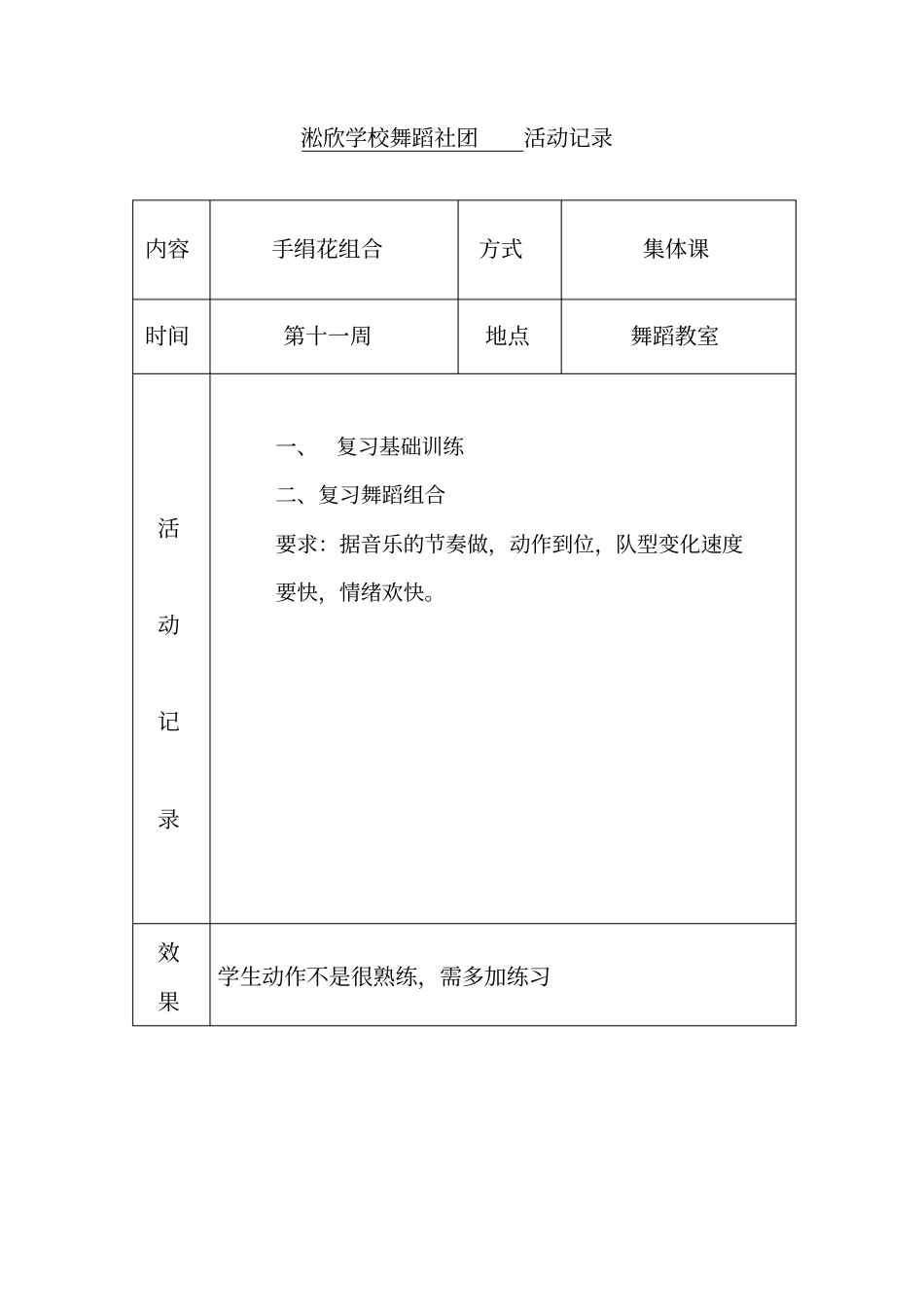舞蹈社团活动记录_第2页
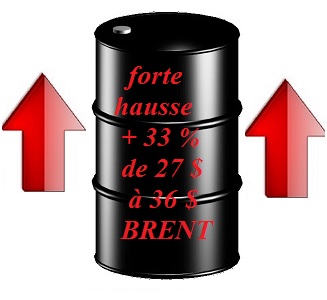 Le baril de pétrole brut BRENT en forte hausse.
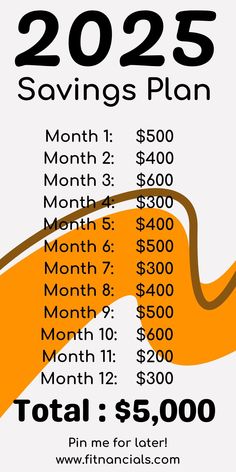 an orange and white flyer with numbers on it for the upcoming savings plan, which includes $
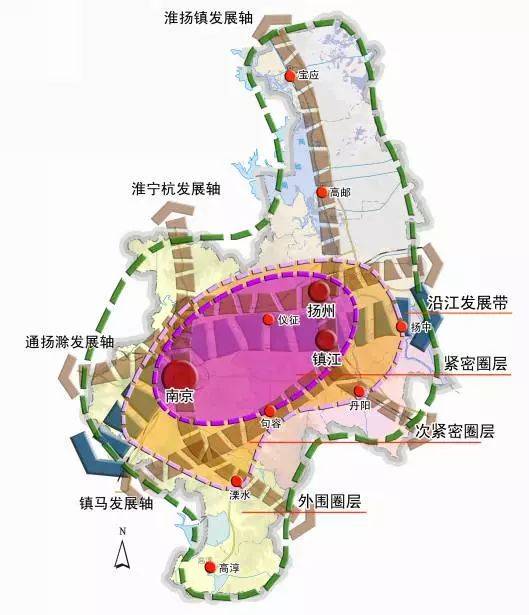 宁镇扬一体化最新进展概览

============

● **Your assignment**
Reproduce the entire listing exactly, but omit any pictures.

● **Result for this exercise**
舞蹈社团活动记录_第2页
 Le baril de pétrole brut BRENT en forte hausse.
 an orange and white flyer with numbers on it for the upcoming savings plan, which includes $
 宁镇扬一体化最新进展概览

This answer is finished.